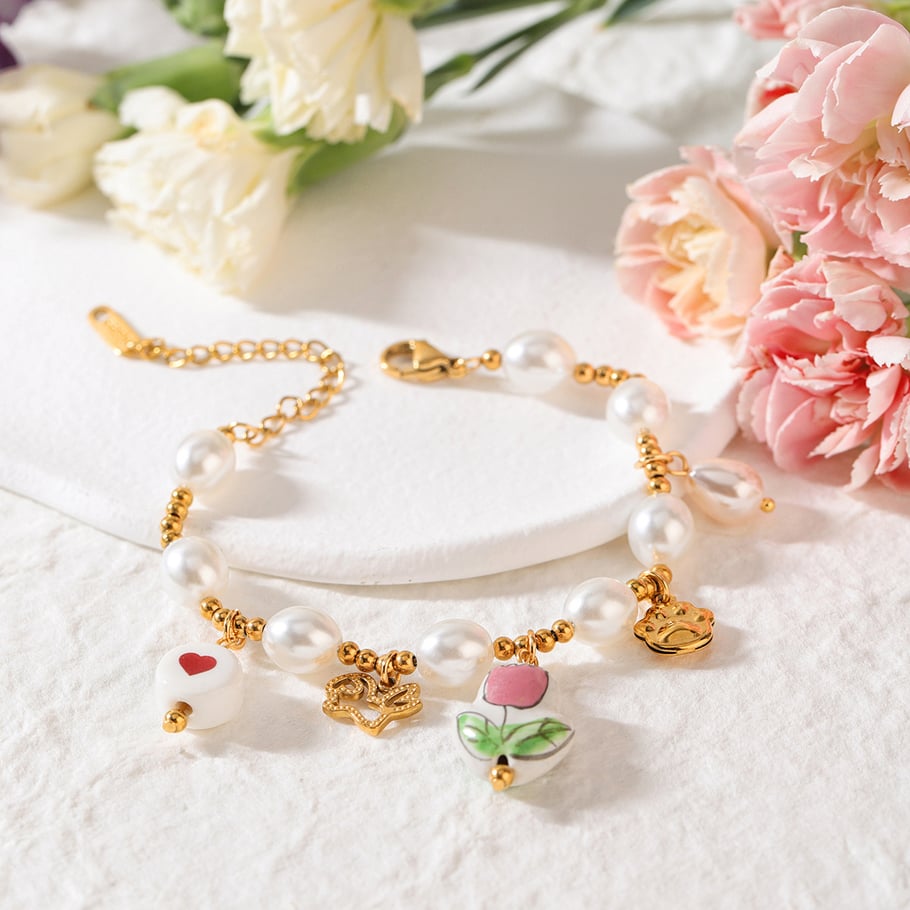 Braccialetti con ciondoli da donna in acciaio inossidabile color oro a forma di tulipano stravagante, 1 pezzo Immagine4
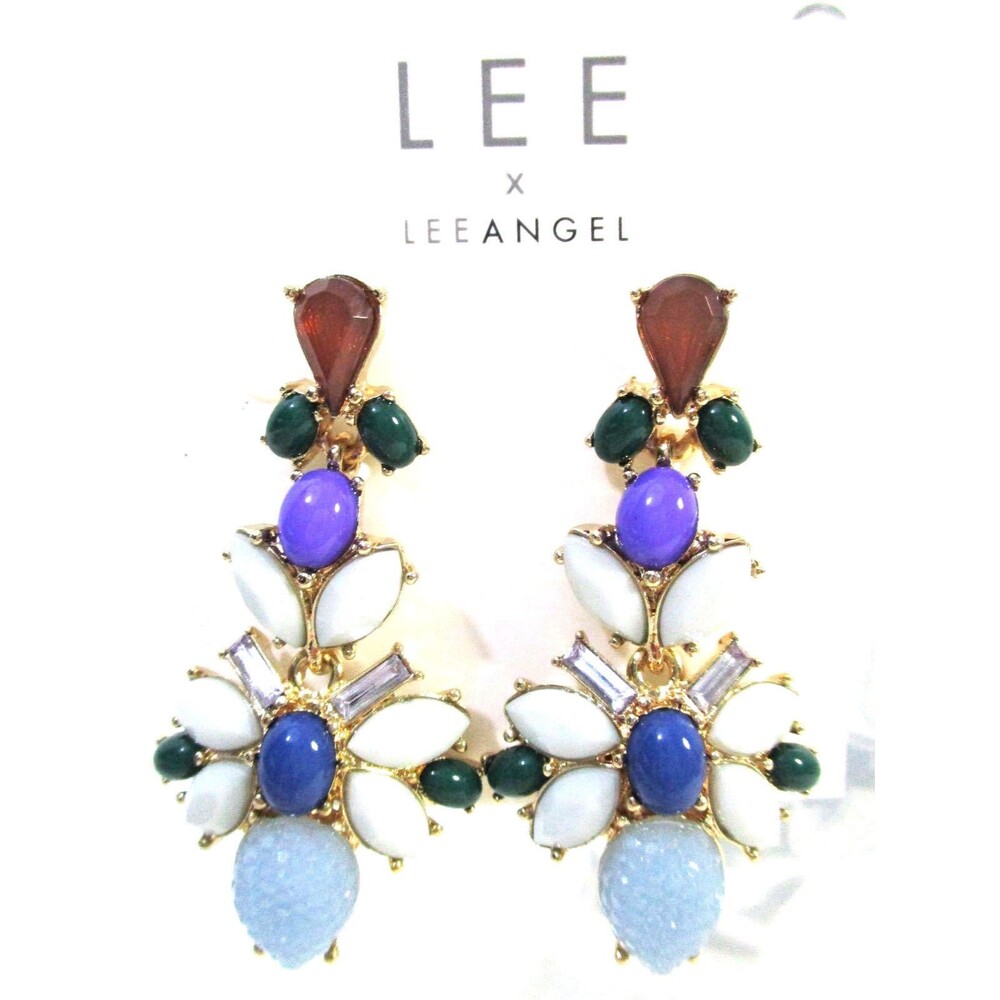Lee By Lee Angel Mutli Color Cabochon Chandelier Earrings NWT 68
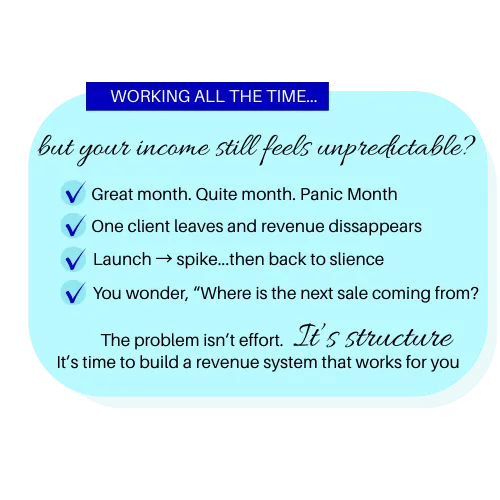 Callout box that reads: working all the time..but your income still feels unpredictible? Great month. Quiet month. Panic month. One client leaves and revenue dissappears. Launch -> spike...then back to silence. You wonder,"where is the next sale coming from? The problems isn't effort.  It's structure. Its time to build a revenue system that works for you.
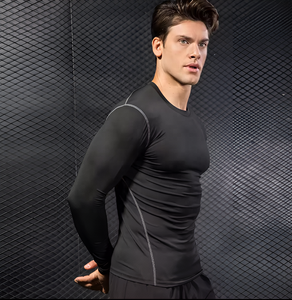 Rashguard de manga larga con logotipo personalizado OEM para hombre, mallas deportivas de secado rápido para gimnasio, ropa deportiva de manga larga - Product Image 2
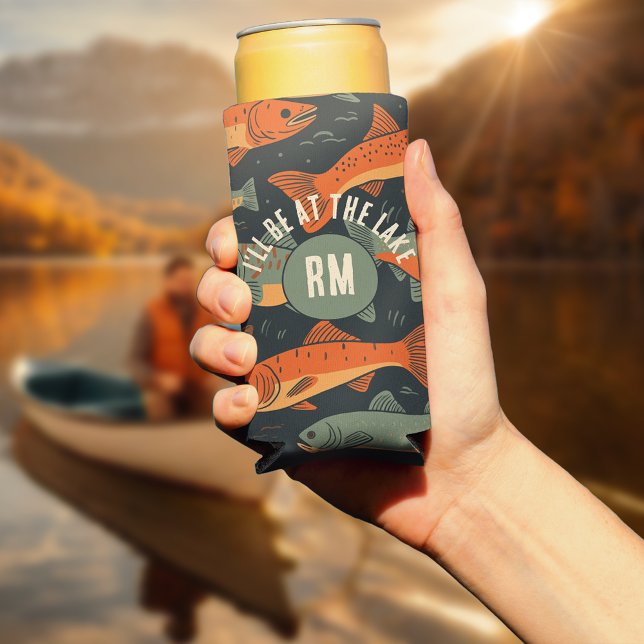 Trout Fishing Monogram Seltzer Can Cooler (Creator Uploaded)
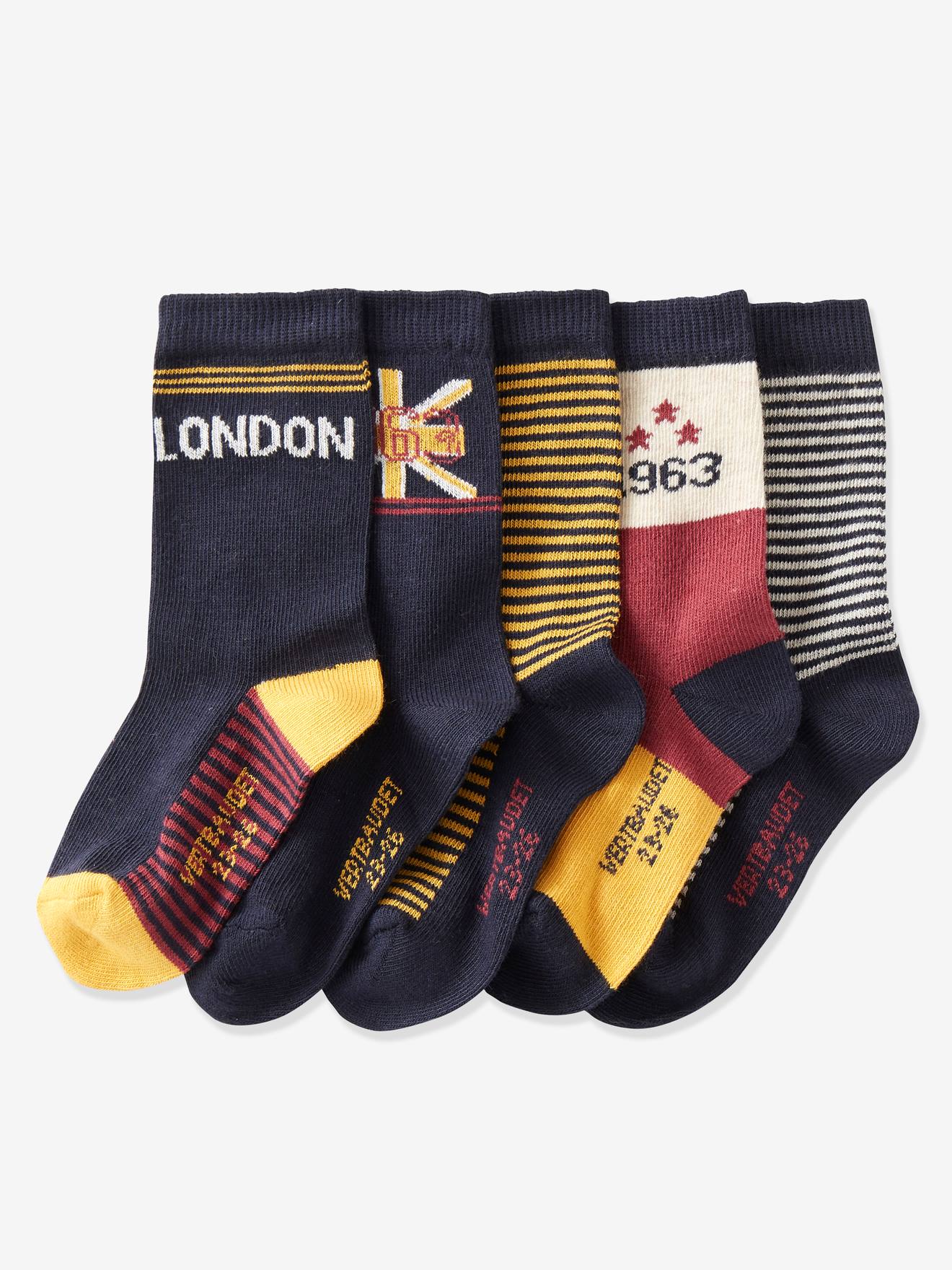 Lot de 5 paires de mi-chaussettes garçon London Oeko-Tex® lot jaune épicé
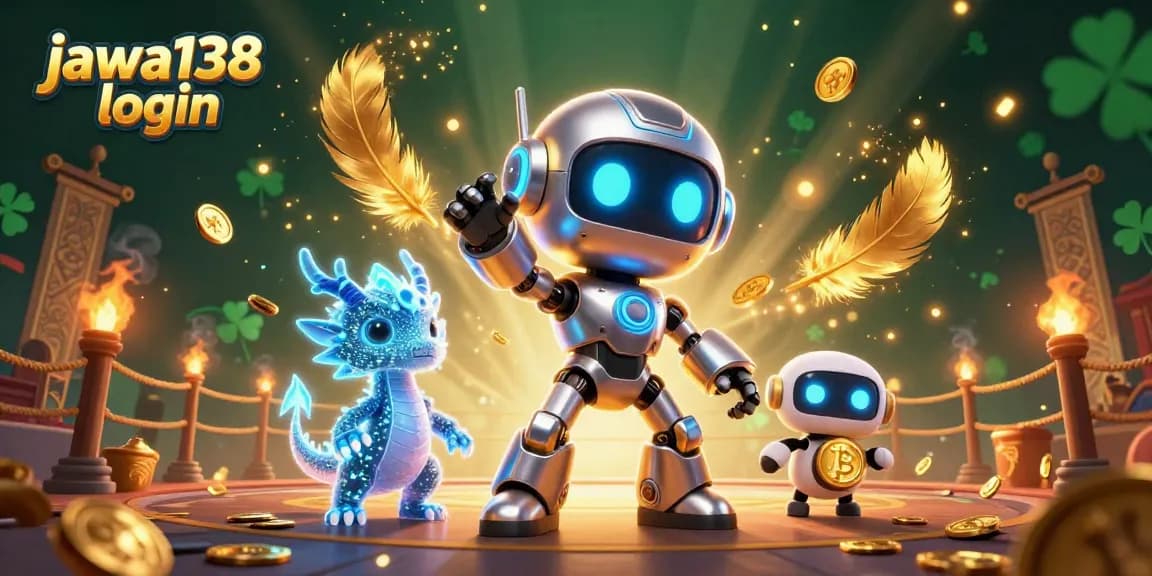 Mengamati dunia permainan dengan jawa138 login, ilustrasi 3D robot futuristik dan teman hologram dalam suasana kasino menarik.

AIM OF THE EXERCISE :: Print the data above exactly, from its first line to the line bearing "Lee By Lee Angel" inclusive, and keep pictures out of the result.

ANSWER BOX ::
 Braccialetti con ciondoli da donna in acciaio inossidabile color oro a forma di tulipano stravagante, 1 pezzo Immagine4
Lee By Lee Angel Mutli Color Cabochon Chandelier Earrings NWT 68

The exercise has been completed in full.